Kipruto’s win at last year’s London Marathon was the biggest victory of his career and his first Abbott World Marathon Major triumph.
The 2023 London Marathon elite men’s field will be a landmark occasion when, for the first time in history, two men who have run inside 2:02 will be together on the same start line on 23 April.
Ethiopia’s Kenenisa Bekele, the second-fastest man ever with a PB of 2:01:41, and Kenya’s Kelvin Kiptum, the winner of the 2022 Valencia Marathon and the fastest marathon debutant in history (2:01:53) have both been confirmed for the race.
With Ethiopian duo Birhanu Legese (2:02:48) and Mosinet Geremew (2:02:55) also in the field, it means this year’s London Marathon will have four of the five fastest men in marathon history on the start line.
In addition, the defending champion Amos Kipruto of Kenya and world champion Tamirat Tola of Ethiopia will also return to London, along with multiple world and Olympic champion Mo Farah and two-time New York Marathon winner Geoffrey Kamworor.

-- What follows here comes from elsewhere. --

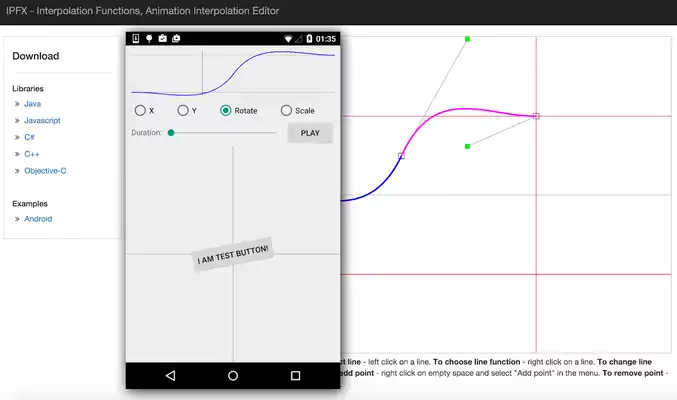 Play Interpolators Example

Kipruto’s win at last year’s London Marathon was the biggest victory of his career and his first Abbott World Marathon Major triumph. “Winning last year’s TCS London Marathon was an incredible experience for me,” said the 30-year-old, who was second at last year’s Tokyo Marathon behind world record-holder Eliud Kipchoge and third in the 2019 World Championships. “I am now preparing hard for this year’s race and I can’t wait to return to London as the champion.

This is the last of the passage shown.